Call it Climate McCarthyism.
The question, “Do you believe in climate change?” is the new, “Are you now or have you ever been a member of the Communist party?” Since Donald Trump’s election, climate activists, Democratic politicians, and the media have led a collective inquisition into administration officials, creating a blacklist of those who stray from the ideological groupthink on human-caused climate change.. These demagogues aim to make climate “denial” an offense that should prevent anyone from getting a job or receiving disaster relief. Even the Pope this week suggested political leaders who are climate deniers will face consequences.
EPA Administrator Scott Pruitt was repeatedly subjected to climate interrogations during his confirmation process. CIA Director Mike Pompeo was grilled about his views on climate change by Senator Kamala Harris (D., Calif.) during his confirmation hearing. Harris blamed climate change for rising instability in the world, and demanded to know where Pompeo stood on the issue.
Two major hurricanes have emboldened the climate inquisitors. During a White House briefing Monday about Hurricane Irma, Homeland Security adviser Tom Bossert was asked by CNN’s Jim Acosta about the connection between climate change and national security. After Acosta falsely claimed that storms are more frequent and intense (no science supports this; the U.S. has just enjoyed twelve years without a major hurricane), he asked Bossert, “When you see three Category 4 hurricanes all on the same map at the same time, does the thought occur to you, ‘Jeez you know, maybe there is something to this climate change thing and its connection to powerful hurricanes?’” This is your average grade-school understanding of science.

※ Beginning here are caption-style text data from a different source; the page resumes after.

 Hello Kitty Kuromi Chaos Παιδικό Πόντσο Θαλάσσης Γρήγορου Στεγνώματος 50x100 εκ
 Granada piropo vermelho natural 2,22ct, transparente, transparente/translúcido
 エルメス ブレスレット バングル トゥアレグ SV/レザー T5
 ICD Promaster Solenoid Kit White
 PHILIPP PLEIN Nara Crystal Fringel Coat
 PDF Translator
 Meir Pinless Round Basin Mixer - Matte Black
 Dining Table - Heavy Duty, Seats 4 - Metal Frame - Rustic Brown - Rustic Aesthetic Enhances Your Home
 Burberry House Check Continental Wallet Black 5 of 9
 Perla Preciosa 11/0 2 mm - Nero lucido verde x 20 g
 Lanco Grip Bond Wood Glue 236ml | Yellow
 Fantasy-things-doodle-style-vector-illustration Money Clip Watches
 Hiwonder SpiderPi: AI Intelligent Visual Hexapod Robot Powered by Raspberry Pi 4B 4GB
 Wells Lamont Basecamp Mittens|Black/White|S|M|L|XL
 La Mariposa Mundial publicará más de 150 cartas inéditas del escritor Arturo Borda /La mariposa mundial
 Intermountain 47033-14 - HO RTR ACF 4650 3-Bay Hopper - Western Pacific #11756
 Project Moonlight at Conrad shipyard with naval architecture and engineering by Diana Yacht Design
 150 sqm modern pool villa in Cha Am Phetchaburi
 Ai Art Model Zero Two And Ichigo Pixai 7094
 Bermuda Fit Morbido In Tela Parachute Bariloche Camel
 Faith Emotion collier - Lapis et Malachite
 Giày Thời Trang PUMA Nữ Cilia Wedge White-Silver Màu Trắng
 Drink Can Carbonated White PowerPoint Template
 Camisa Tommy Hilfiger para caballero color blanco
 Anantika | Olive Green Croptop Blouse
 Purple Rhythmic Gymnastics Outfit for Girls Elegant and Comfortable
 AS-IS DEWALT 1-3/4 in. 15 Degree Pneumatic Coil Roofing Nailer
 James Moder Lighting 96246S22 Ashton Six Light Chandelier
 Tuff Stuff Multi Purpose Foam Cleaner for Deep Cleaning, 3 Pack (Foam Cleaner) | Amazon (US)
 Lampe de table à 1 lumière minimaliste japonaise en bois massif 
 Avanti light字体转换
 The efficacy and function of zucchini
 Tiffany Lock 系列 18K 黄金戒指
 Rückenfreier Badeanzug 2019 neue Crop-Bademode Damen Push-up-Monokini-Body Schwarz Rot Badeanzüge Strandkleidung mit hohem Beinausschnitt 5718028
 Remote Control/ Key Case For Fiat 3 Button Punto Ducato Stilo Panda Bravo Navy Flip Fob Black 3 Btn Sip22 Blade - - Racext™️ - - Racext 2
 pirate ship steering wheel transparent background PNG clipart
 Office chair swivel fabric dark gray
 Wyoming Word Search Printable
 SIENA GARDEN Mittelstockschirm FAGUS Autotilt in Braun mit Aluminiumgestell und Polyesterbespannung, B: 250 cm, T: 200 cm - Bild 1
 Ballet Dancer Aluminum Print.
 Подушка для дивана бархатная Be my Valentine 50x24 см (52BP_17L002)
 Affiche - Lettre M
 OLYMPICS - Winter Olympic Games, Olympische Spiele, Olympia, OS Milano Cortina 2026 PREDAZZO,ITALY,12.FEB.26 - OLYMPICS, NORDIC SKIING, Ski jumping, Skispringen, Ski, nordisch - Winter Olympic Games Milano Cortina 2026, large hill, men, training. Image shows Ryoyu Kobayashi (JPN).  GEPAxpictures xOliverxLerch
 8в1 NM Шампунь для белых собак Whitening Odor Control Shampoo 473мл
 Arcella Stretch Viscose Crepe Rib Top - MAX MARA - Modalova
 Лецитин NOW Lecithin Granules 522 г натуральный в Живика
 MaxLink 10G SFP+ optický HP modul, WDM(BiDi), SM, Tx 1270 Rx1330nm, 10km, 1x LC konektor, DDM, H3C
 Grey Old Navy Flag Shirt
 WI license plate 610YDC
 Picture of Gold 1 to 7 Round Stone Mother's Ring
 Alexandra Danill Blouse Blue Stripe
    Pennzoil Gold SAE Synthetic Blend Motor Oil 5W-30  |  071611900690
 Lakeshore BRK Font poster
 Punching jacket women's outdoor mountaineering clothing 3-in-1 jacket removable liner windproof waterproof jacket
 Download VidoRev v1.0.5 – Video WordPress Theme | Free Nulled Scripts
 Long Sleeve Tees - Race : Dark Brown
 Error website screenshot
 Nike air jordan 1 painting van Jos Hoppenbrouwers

Two new Trump appointees are now before the climate kangaroo court. Representative Jim Bridenstine (R., Okla.), the president’s pick to head the National Aeronautics and Space Administration (NASA), is being branded a climate denier as activists attempt to build opposition to his pending Senate confirmation. His offense? During a House speech in 2014, Bridenstine dared to blame natural forces — not human activity — for global warming and correctly said global temperatures had not risen in the past ten years.
Although Bridenstine is a member of the House Committee on Science, Space, and Technology, a decorated naval aviator, and staunch supporter of space exploration, that’s not enough to satisfy the climate enforcers. Climate Hawks Vote, a PAC that has former Obama adviser Van Jones and environmental activist Bill McKibben on its advisory board, launched a petition campaign to stop Bridenstine’s Senate confirmation: “NASA needs to be run by someone who respects science. Not climate denier Jim Bridenstine.”
Vox’s David Roberts wrote (with zero self-awareness) that “it is difficult to appreciate just how deeply and ceaselessly bizarre US climate politics has become. Several bits of recent news — for instance, Trump’s nomination of a climate denier with no scientific credentials to lead NASA — serve to illustrate the point.” A Newsweek headline read, “Who is Jim Bridenstine, the climate-change denier Trump picked to head NASA?” The piece scoffs that Bridenstine is a “critic of climate science” for saying the scientifically accurate claim that “the climate has always changed.” Now, even repeating an historical, scientific fact amounts to misconduct in the eyes of the climate witch-hunters.
Sam Clovis, Trump’s nominee for a top scientific post at the Department of Agriculture, has been branded both a climate denier and “an unacceptable and illegal choice” by the Union of Concerned Scientists, a liberal activist group. Senate minority leader Chuck Schumer (D., N.Y.) and Senator Brian Schatz (D., Hawaii) urged Trump to withdraw Clovis’s nomination “because he is a proud ‘skeptic’ of climate change and wildly unqualified for the position of USDA Chief Scientist.” (Both Clovis and Bridenstine are under scrutiny for not having specific scientific degrees because of course scientists make the best managers.)